The council went to great lengths to foster an environment of cooperation and friendship—the only way to obtain a foundation on which the authority of the council could be based. It drew up a set of fifteen “traffic regulations” stipulating hours of operation, what kinds of operation could occur in each time period, operating procedures, and what defined local as opposed to long-distance work. It also defined the role of traffic officers and their duties.
Crucial to making this work was acknowledging that some hams were interested in long-distance experiments but not necessarily in handling message traffic. Thus, there were three classes of operators: local, long-distance traffic, and long-distance non-traffic. No station was permitted to work both long-distance periods on the same night. This single new realization went a long way toward eliminating the friction between the groups.

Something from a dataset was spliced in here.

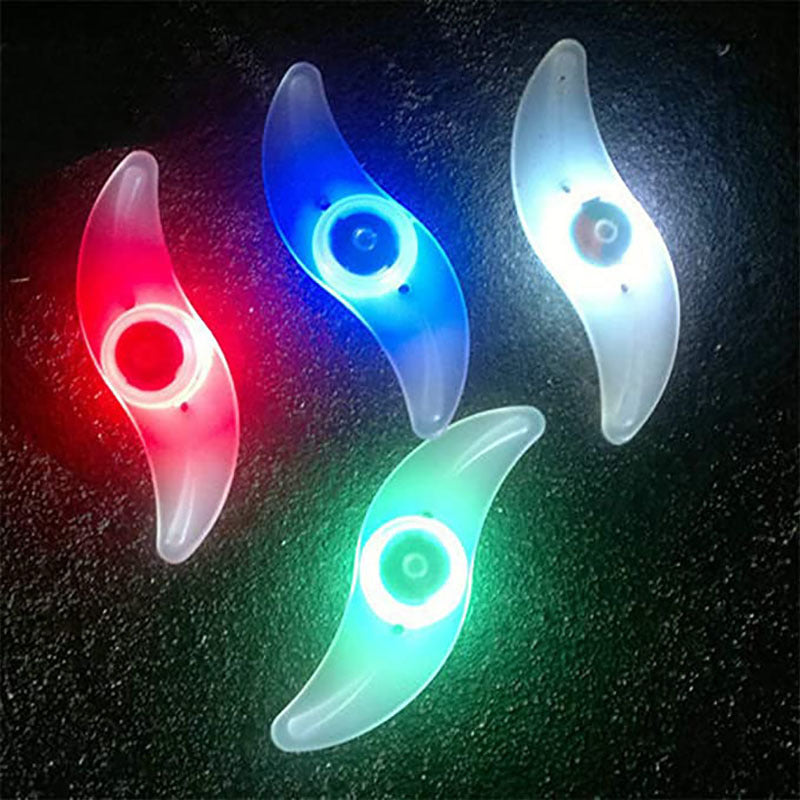 Portes-Bike Lampe Vélo Saule LED Fil Lumières Imperméable Vélo Lampe à vélo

Each club handled enforcement under the coordination of the city manager. After investigating a violation, the club to which the offender belonged would be fined. If the offender was not a member of any club, the one in whose territory he resided would be fined. It was then up to that club to collect payment from the individual amateur, if possible, or ensure that no further violations occurred. But it turned out that the system worked so well that very few fines were ever charged. The Council also organized a direction-finder squad whose job was to locate unlicensed stations or other unidentified offenders.

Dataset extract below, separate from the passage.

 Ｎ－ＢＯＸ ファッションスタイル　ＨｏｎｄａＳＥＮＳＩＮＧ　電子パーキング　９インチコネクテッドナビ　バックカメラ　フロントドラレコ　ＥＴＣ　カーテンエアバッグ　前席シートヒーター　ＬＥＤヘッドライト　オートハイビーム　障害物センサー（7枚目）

Proud of their accomplishment, Mathews boasted that “these methods combined with the loyal mutual cooperation of our big fraternal radio ‘club-families’ have converted Chicago from a radio-Bolshevist community to what I now believe it to be, the best big radio city in the United States…” The Chicago Plan, as it came to be known, was a model for cooperative operation.
The Smith Cup was a one-time award in the form of a loving cup, donated by Seymour Wemyss Smith of the Hartford Courant (and ARRL member), to be given to “the amateur performing the most outstanding feat in the interest of Citizen Radio” during the summer months as determined by a committee.2 R. S. Kruse 3ABI, agreed to chair the selection committee and enlisted other well-known amateurs including Vermilya, 1ZE; Goette, 2JU; E. H. Merritt, 4YA; J. M. Clayton, 5ZL; A. E. Bessey, 6ZK; Royal Mumford, 7ZJ; Rev. A. J. Manning, and 8ZG; and R. H. G. Mathews, 9ZN. What exactly could constitute a “most astounding feat” was unspecified but could include achievements in on-air operation, technology, organization, or publication. Regardless, the award was clearly aimed at summer, when operating was more difficult.
In spring 1922, the Smith cup was awarded to the Chicago Executive Radio Council, in recognition of The Chicago Plan. It is unclear whether Mathews, as a committee member, participated in the selection.3
For the first time, Calls Heard contained reports from stations hearing calls from every district. And 9CA and 9GC reported hearing both coasts at the same time, another first in a decade that would produce many more.